Resta però il Golfo di Cagliari la principale – e unica – area in cui la tutela di questa specie assume un rilievo nazionale e internazionale, ed è all’aumento del contingente nidificante in quest’area che si deve, in gran parte, l’incremento registrato all’inizio degli anni Duemila. In continuo decremento è invece il contingente svernante, rispetto al “picco” di 167 individui raggiunto nel 1996.

Semaforo

Le varie fluttuazioni registrate nel corso degli anni – spesso causate dalle condizioni ritrovate nei quartieri di svernamento – non modificano il giudizio complessivo sullo stato di conservazione della specie, che appare in linea generale favorevole. L’andamento della popolazione nidificante di Cavaliere d’Italia nel nostro Paese appare infatti orientato al progressivo incremento sia in termini di areale distributivo sia di numero assoluto delle coppie nidificanti, con particolare riguardo alla buona situazione che si rileva nel Golfo di Cagliari, sito principale di presenza nonché quello più significativo a fini conservazionistici. Resta la necessità di tutelare al massimo le colonie ospitanti le popolazioni più importanti, affinché questo scenario si mantenga favorevole anche nei prossimi anni.

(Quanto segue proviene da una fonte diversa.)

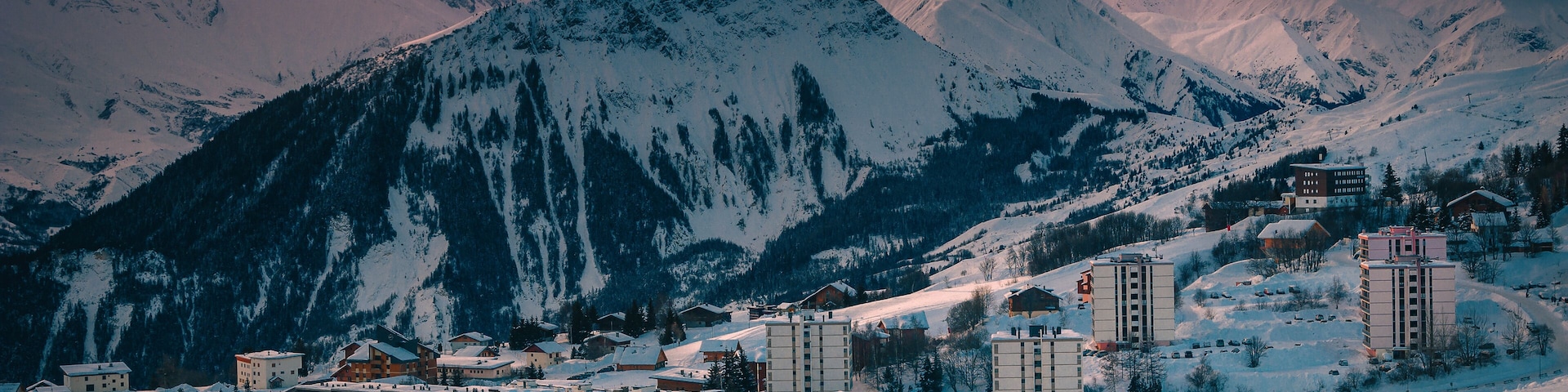 A snow-covered mountain range with a town at the base, featuring buildings and a ski slope.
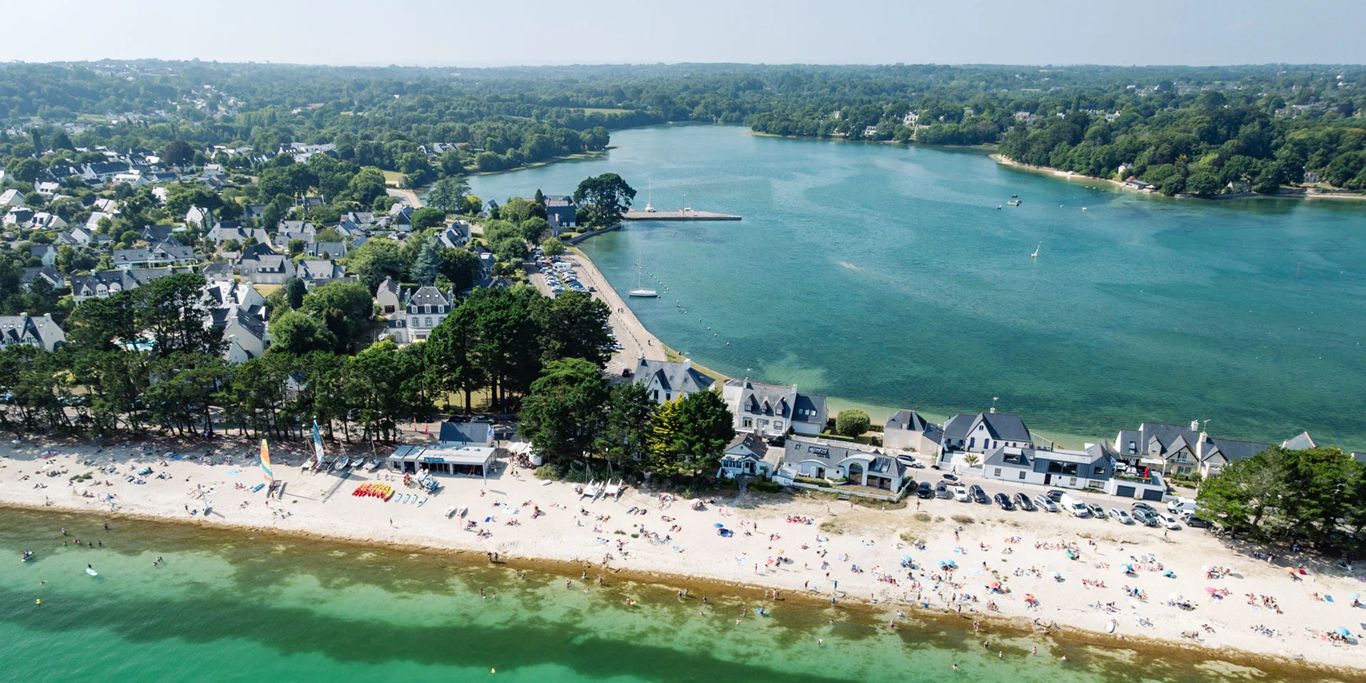 An aerial view of a coastal town with a beach, houses, and a river.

Fattore Stato di salute Stato di conservazione
Range* aumento (ma soggetto a fluttuazione) favorevole
Popolazione aumento (ma soggetto a fluttuazione) favorevole
Habitat della specie verosimilmente stabile favorevole
Complessivo   favorevole

*Variazione della popolazione negli anni

Canto

Rauco e insistente, composto da brevi suoni di tonalità variabile, il canto del Cavaliere d’Italia si confonde con il canto delle varie specie acquatiche che abitano le nostre paludi costiere. Non è difficile osservarlo anche in aree artificiali quali vasche o risaie, a patto che l’acqua non sia troppo profonda e a patto di non disturbarlo troppo, in quanto la specie non tollera interferenza diretta da parte dell’uomo.